As a female entrepreneur living abroad, when I tell my story many people think I've made "ballsy" and courageous move (I don't know why they say balls, because they are sensitive, a vagina is a lot tougher!). Plus, I'm no feminist, but men have been moving around the world and going on adventures, pilgrimages, business trips, etc. for a long time. Eventually women would go tired of sitting at home, so I don't see myself as unique, I see that I live in an era that has given me the opportunity to move and go and build a global online business.
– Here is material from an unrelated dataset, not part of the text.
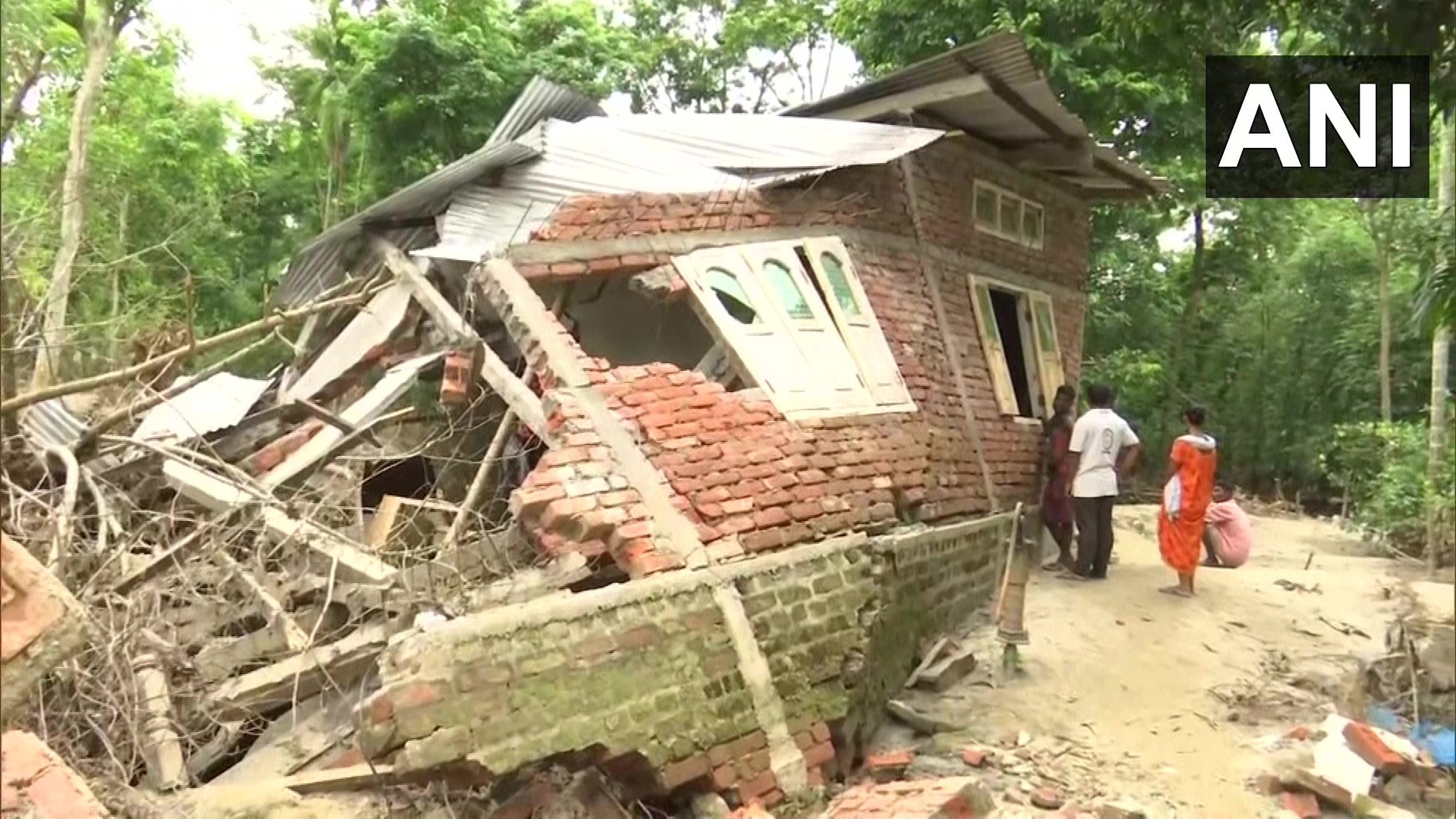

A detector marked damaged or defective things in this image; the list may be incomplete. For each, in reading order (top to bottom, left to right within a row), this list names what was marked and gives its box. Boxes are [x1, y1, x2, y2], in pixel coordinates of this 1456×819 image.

Each country, job, and relationship has been an experience that has led me closer to building Healthy Hair Asia. Which all began in the summer 2013 studying French at Université Laval in Quebec, I learned that my little database of hair blogs around the world had a lot of potential, and a friend invested $1000 so I could work on my idea. My graduate research of drone strikes operated by Israel led my curiosity to learn more about Israel. And once I learned more about it's innovative tech sector I read the book "Start-Up Nation" that inspired me to move to Israel. And once I found my way to Israel, I took up every chance to explore the start-up world, met many great people, gained new skills, joined a women tech group, and gained a new confidence (chutzpa!) that I would need in the business world. Israel was my launchpad, to moving to Asia. I traveled for a few weeks, first to Hong Kong, where I got my Chinese visa, was amazing, but outrageously expensive. I continued my adventure to Chongqing, China but I hated the isolation and size of the city. So I talked with someone who said to go to Thailand, because it's cheap, has an expat community, and entrepreneurs. So I packed my bags and left for Bangkok with no intention of staying just "feeling out" the place.
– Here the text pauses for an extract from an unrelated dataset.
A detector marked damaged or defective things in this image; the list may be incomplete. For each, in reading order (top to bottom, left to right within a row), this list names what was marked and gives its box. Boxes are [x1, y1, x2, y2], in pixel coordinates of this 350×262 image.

After 3 weeks in Bangkok, perfect timing to get a teaching job, and a lot of networking I have built a solid foundation and vision for Healthy Hair Asia. In addition, I had a chance to visit home and took the time to explore Silicon Valley (see what the hype was all about) and with a network of friends in the tech world, I was lucky to crash a few couches and see Google's Campus, Facebook Campus, visit The Computer History Museum, go to a few meet ups and talk to other founders and techies! In summary, San Francisco is a great place for start-ups, but overly expensive, too much homelessness (I cannot get used to that), saturated with too many start-ups, and over-valuations of start-ups that promise to "disrupt" some industry. Asia is the best place to be an entrepreneur!
Now, that the school year is over, I am trying my luck in Singapore. From what I read, it's THE place (in SE Asia) to find funding, which from my last post (thanks for everyone's positive feedback), is the next step to build Healthy Hair Asia. My hope, hard work, weird luck, network, and timing has gotten me this far, I cannot wait to explore Singapore!